### [WHAT IS REQUIRED]
Apart from the images, output the data below exactly.

### [DATA EXTRACT]
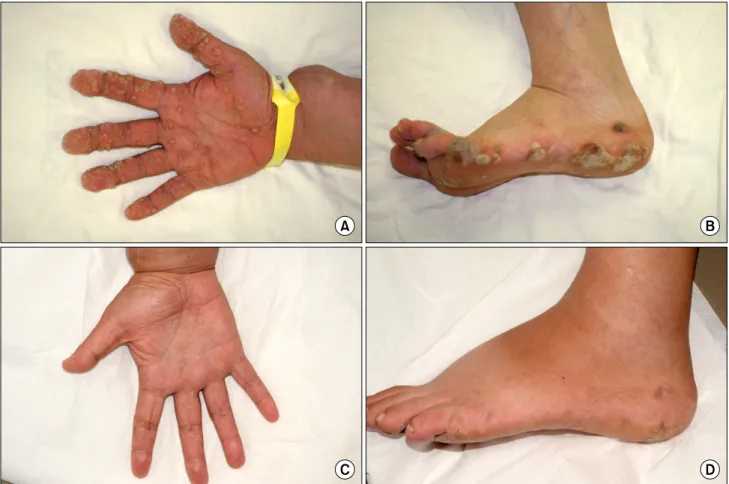 Fig. 1. Skin  lesions  before  and  after  sirolimus  conversion.  The  patient  complained  of  severe  skin  warts  on  the  hands  and  feet  (A,  B)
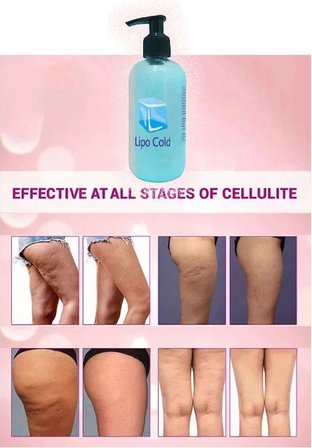 Lipo Cold Seliülitlerinize&fazlalıklarınıza Karşı Soğukkremi 250 ml x 1 Adet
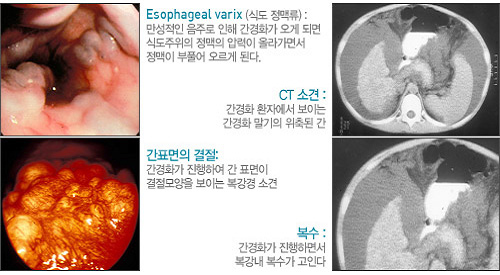 알코올성 간질환의 증상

### [SOLUTION TO THIS EXERCISE]
 Fig. 1. Skin  lesions  before  and  after  sirolimus  conversion.  The  patient  complained  of  severe  skin  warts  on  the  hands  and  feet  (A,  B)
 Lipo Cold Seliülitlerinize&fazlalıklarınıza Karşı Soğukkremi 250 ml x 1 Adet
 알코올성 간질환의 증상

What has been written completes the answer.